Sunday, December 12, 2004

RAPE THE PLANET
or
BUSH'S ENVIRONMENTAL RUNAROUND

From the AP via the Houston Chronicle:

Bush has own pollution plan

President Bush will make air pollution a top priority in Congress early next year, starting with "an aggressive push" to build support for his pollution-cutting plan, senior administration officials said Saturday.

At the same time, the administration will hold off until no later than March on a rule to cut pollution from power plants that would accomplish some of the same ends as Bush's anti-pollution plan, the officials told the Associated Press.


The White House on Saturday told the Environmental Protection Agency of its game plan, which is meant to allow time for Sen. James Inhofe, R-Okla., sponsor of Bush's "Clear Skies" initiative, to hold hearings on it in January.

"The president decided to make a strong push at the start of next year to complete his clean air and clean energy agenda," said EPA Administrator Mike Leavitt, who met with Bush to discuss the strategy earlier in the week. "And we now have a framework under which we will proceed."

This kinda sounds like the runaround if you ask me. In fact, that's exactly what critics are saying:

"The Bush administration is now staking its money on a bill in Congress that weakens and delays public health protections already provided under the current Clean Air Act, while forcing the EPA to delay public health protections under current law," said John Walke, director of clean air programs for the Natural Resources Defense Council.

Click here for the rest.

Conservatives know that environmentalism is popular, but they sneer at it privately; their wealthy, polluting campaign contributors demand that the government ease up on environmental regulations. What's a conservative politician to do? Answer: talk the talk while doing everything possible to avoid walking the walk.

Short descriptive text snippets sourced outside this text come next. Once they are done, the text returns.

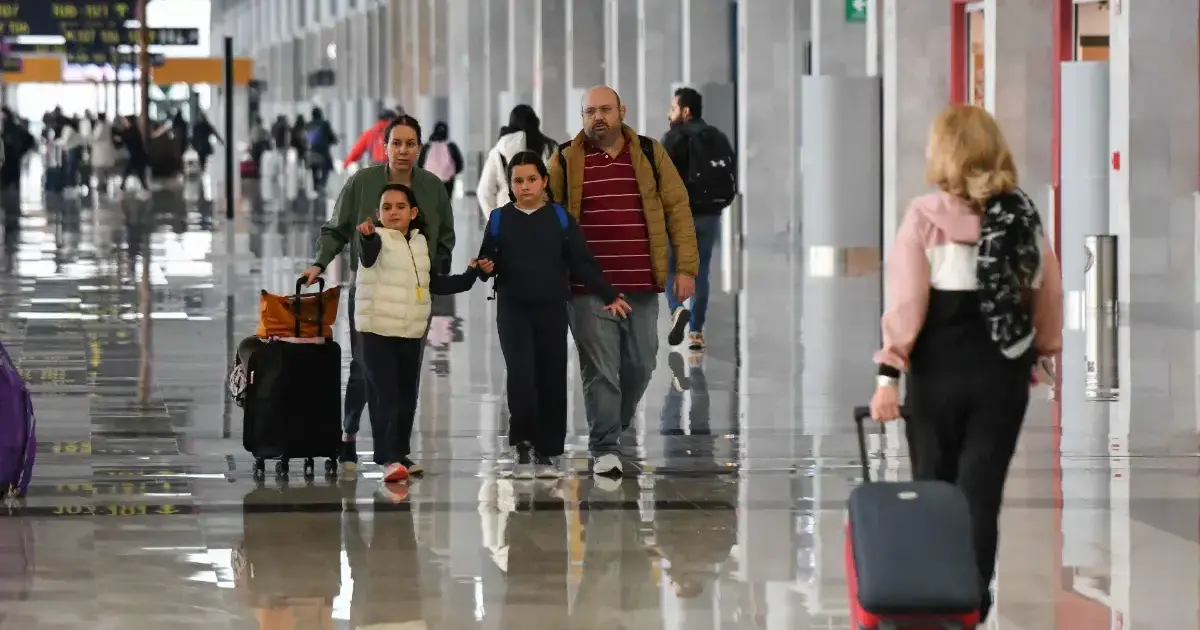 Estas son las rutas y aerolíneas afectadas por cancelación de vuelos a EU en México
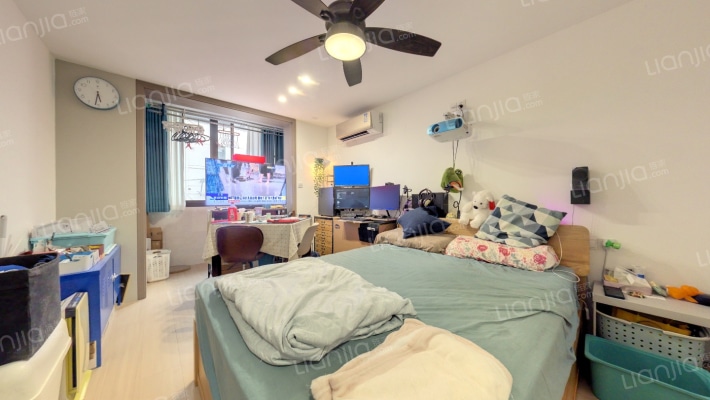 虹二小区二手房实景图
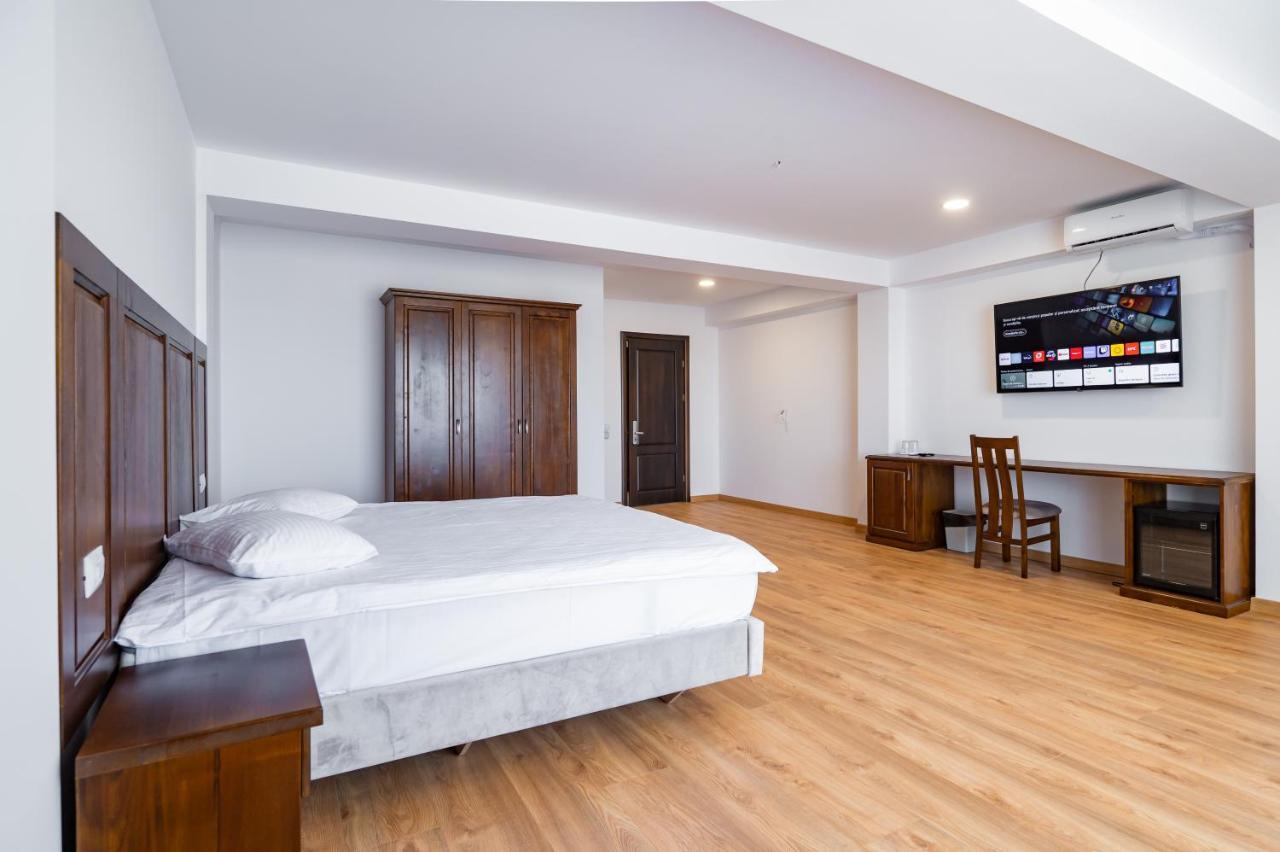 Hotel Voyager à Năvodari Extérieur photo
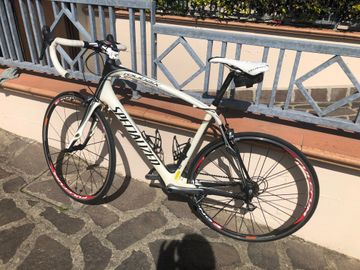 Used Specialized Roubeaux 2010 2010 Road & Gravel, White — image 2 of 4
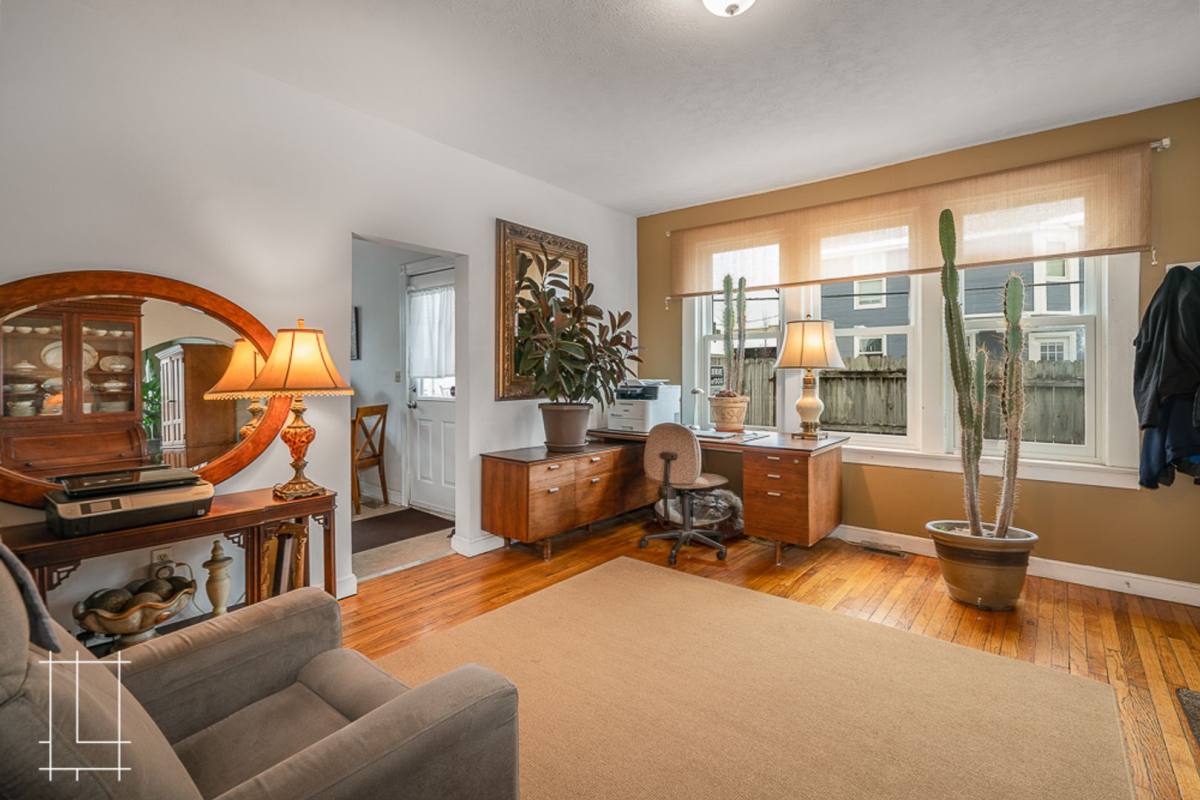 House for rent at 272 E 4th Ave, Columbus, OH 43201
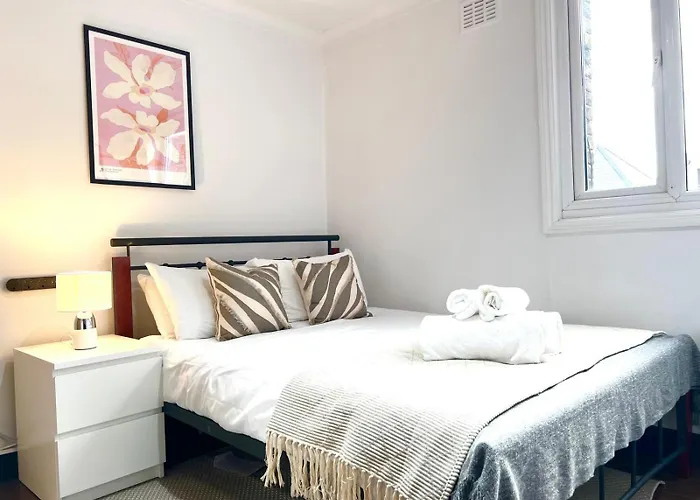 2 Bed Apartment- Camden Town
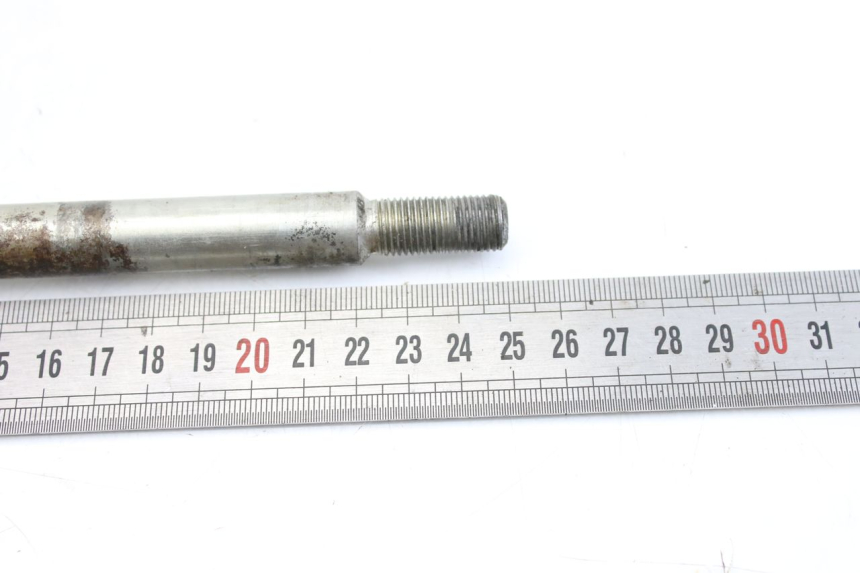 photo de OŚ KOŁA PRZEDNIEGO PEUGEOT LUDIX 50 (2008 - 2017) - Zbliżenie techniczne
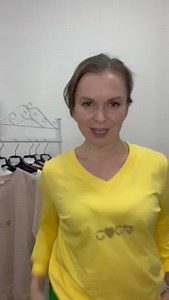 Tričko alebo mikinka so zirkónikmi 🥰 | OLI - elegancia, ktorá sedí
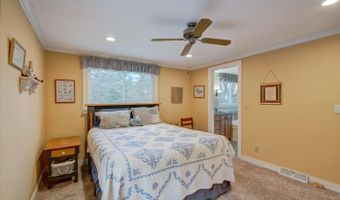 7422 Loy Rd, Arena, WI 53503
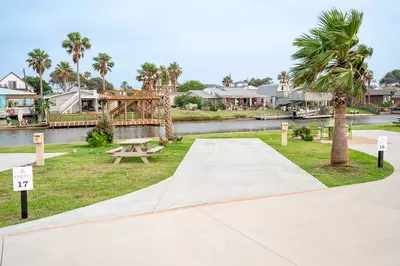 Premium Montego Cove - 17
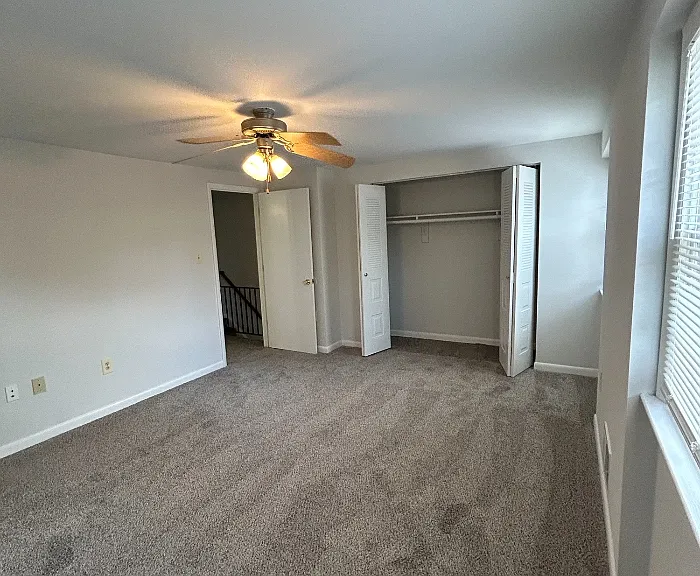 Longview — Photo 176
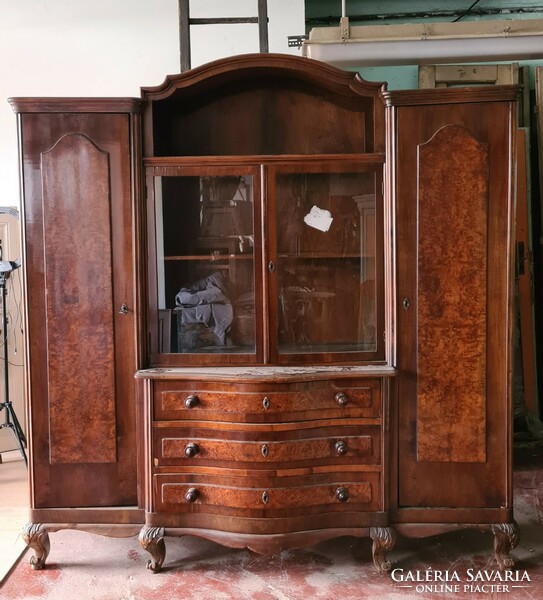 Neo-baroque sideboard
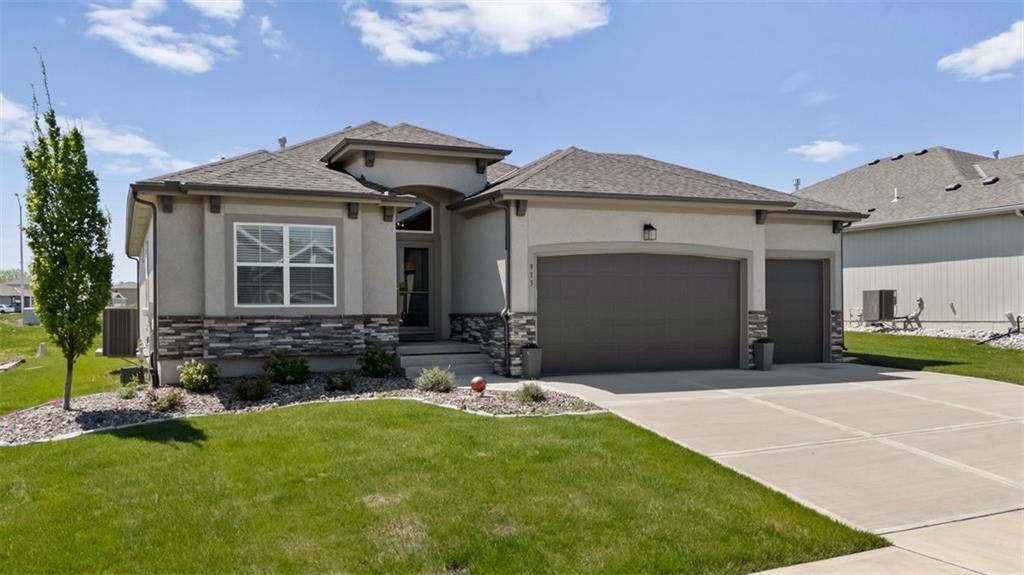 Listing Photo MLS #HMS2615684
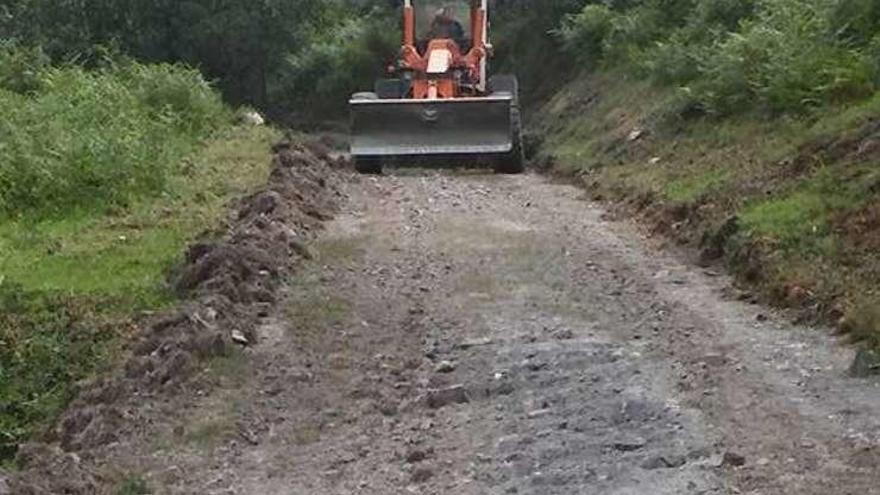 Mejoran una pista en Peñamellera Alta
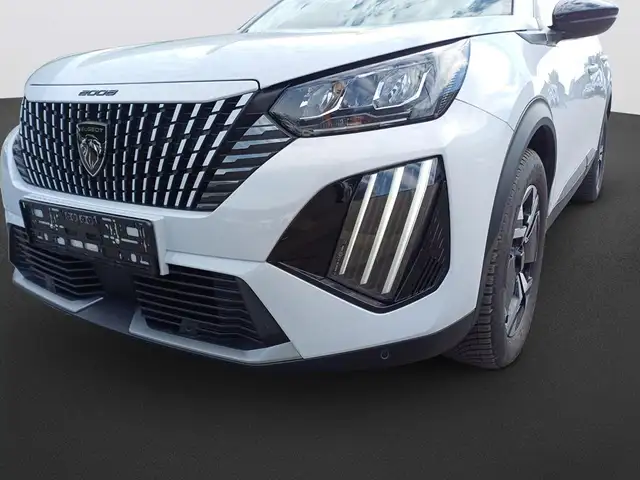 Peugeot 2008 view 9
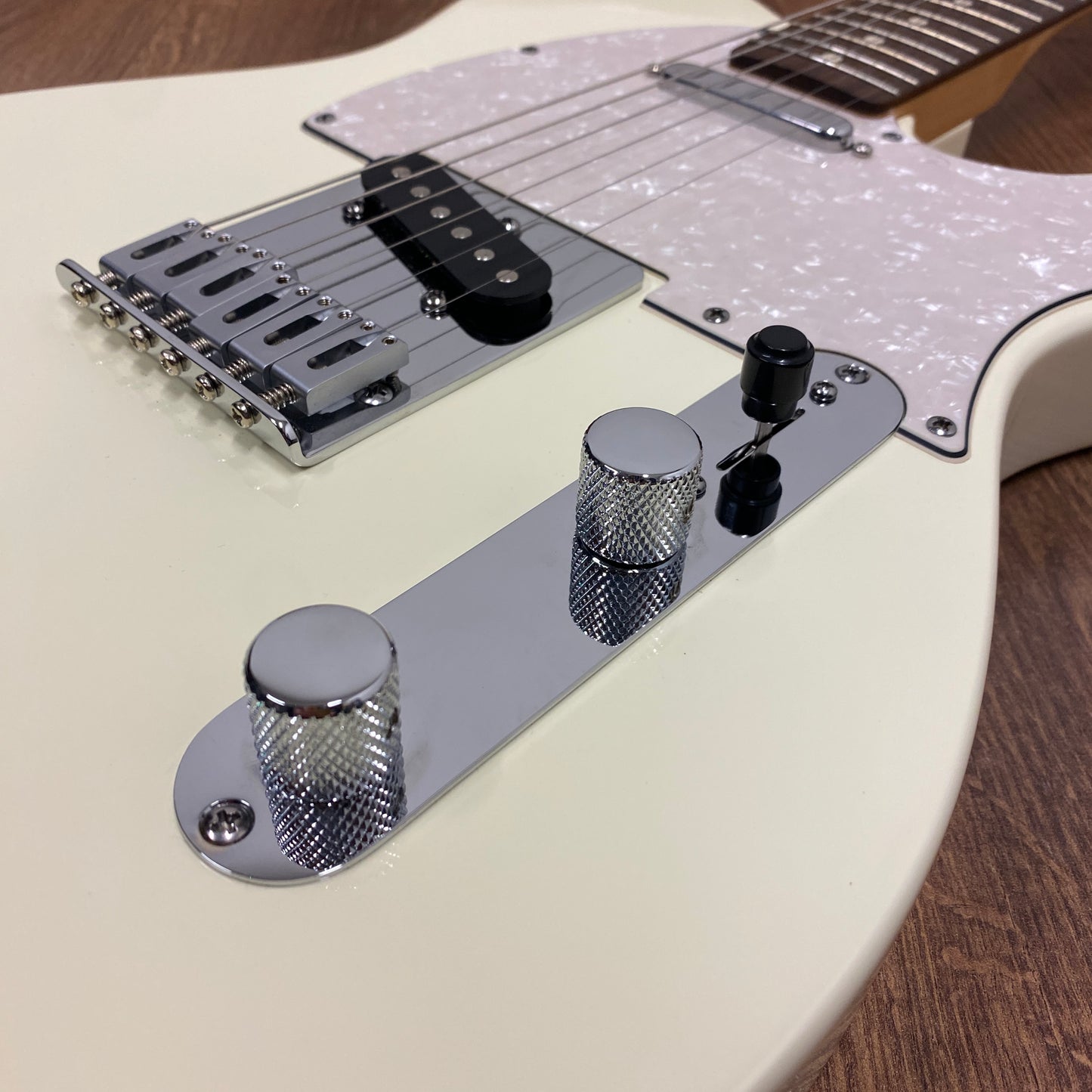 Pre-Owned Fender Standard Telecaster - Olympic White - 2025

Again from the AP via the Houston Chronicle:

EPA lets refineries miss deadline - again

Federal officials have quietly allowed the nation's oil refineries to miss court-ordered deadlines to reduce air emissions, prolonging the public's exposure to dangerous pollutants, a newspaper investigation has found.

Nearly every time, the Environmental Protection Agency failed to tell the courts or the public about the deadline extensions, even when legal settlements required it to do so, the Fort Worth Star-Telegram reported today.

Because of those extensions, the EPA's Petroleum Refinery Initiative has not achieved the air quality improvements that the agency has claimed, the newspaper found.

Click here for the rest.

They delay and stall passing legislation. They stall and delay implementing policy. And, as the above excerpt shows, they drag their feet enforcing existing rules. Don't be fooled: any time a conservative talks about reducing pollution, he's lying. There's no such thing as an environmentalist conservative. Period.